Work request ▸ Your job is to give again, exactly and with no additions, the lines in the records below from the one with "Sudadera Manga Larga" through the one with "Rhinestone Pearl-Trim Amber", both included. Omit the pictures.

Data extract ▸
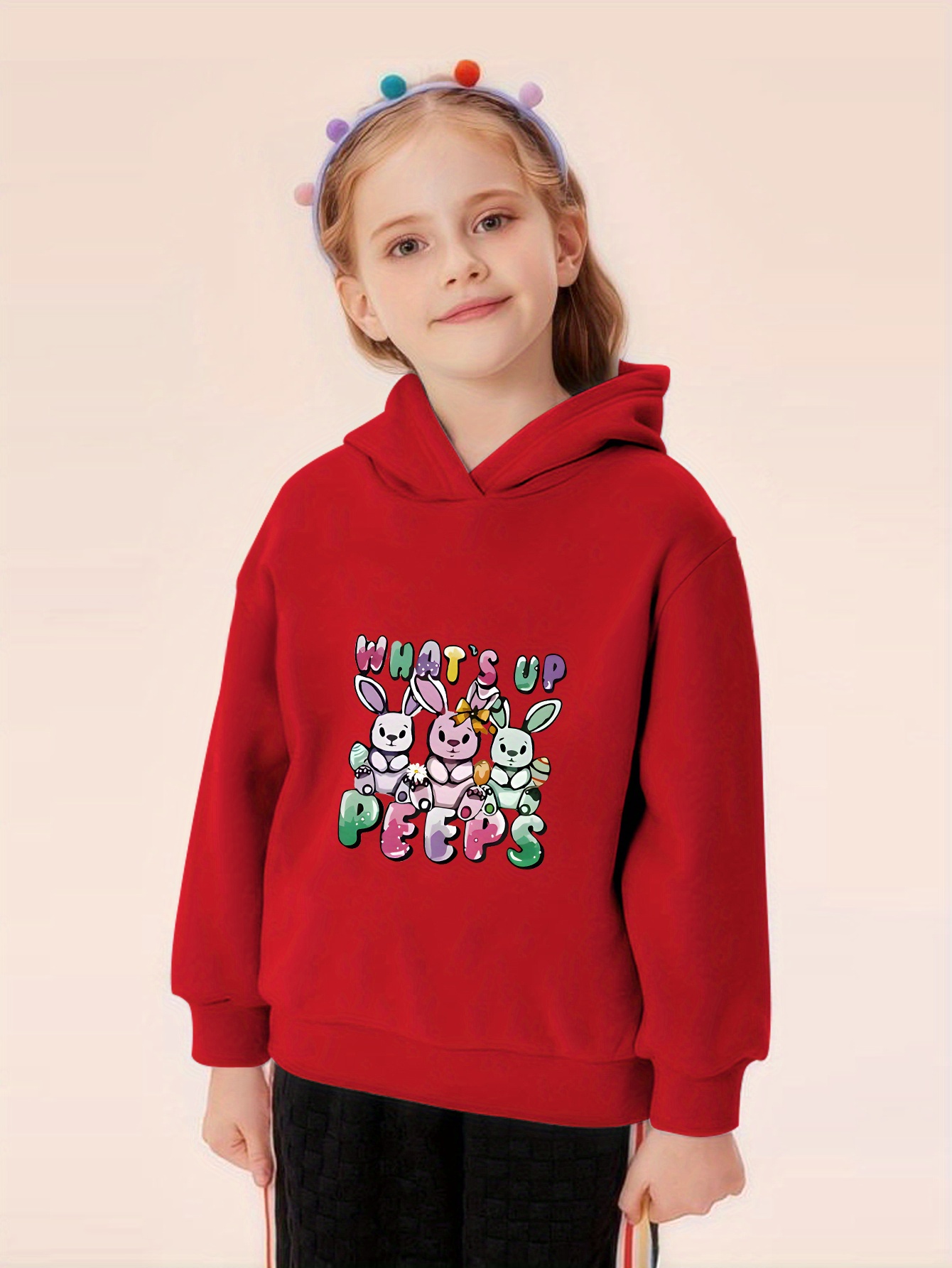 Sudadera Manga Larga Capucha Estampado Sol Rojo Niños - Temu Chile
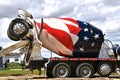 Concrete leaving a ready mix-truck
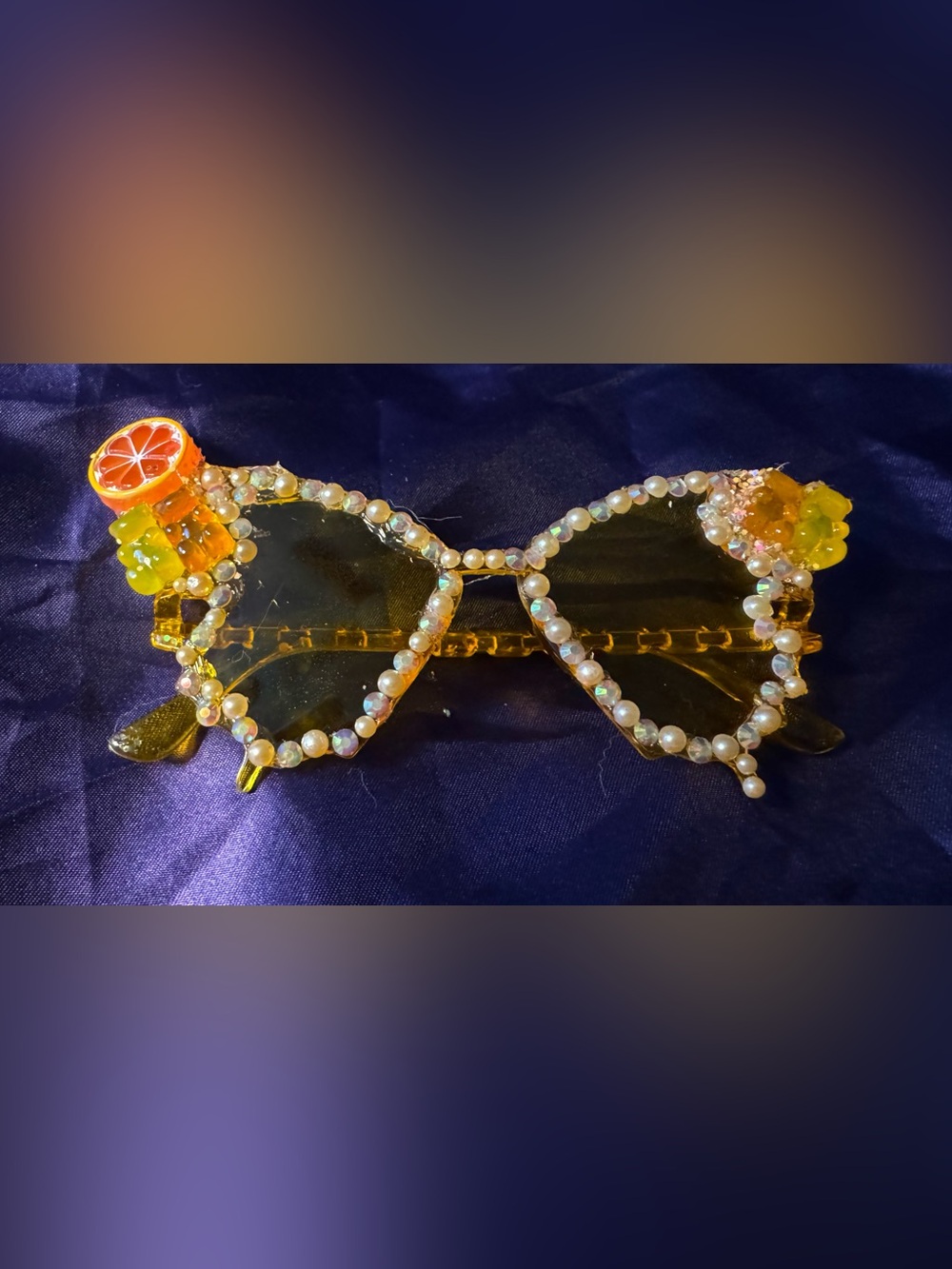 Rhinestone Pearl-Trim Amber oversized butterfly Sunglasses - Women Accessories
* * *
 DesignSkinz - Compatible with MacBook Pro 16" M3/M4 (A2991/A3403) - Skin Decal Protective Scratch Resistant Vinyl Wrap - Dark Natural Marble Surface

Completed exercise ▸
 Sudadera Manga Larga Capucha Estampado Sol Rojo Niños - Temu Chile
 Concrete leaving a ready mix-truck
 Rhinestone Pearl-Trim Amber oversized butterfly Sunglasses - Women Accessories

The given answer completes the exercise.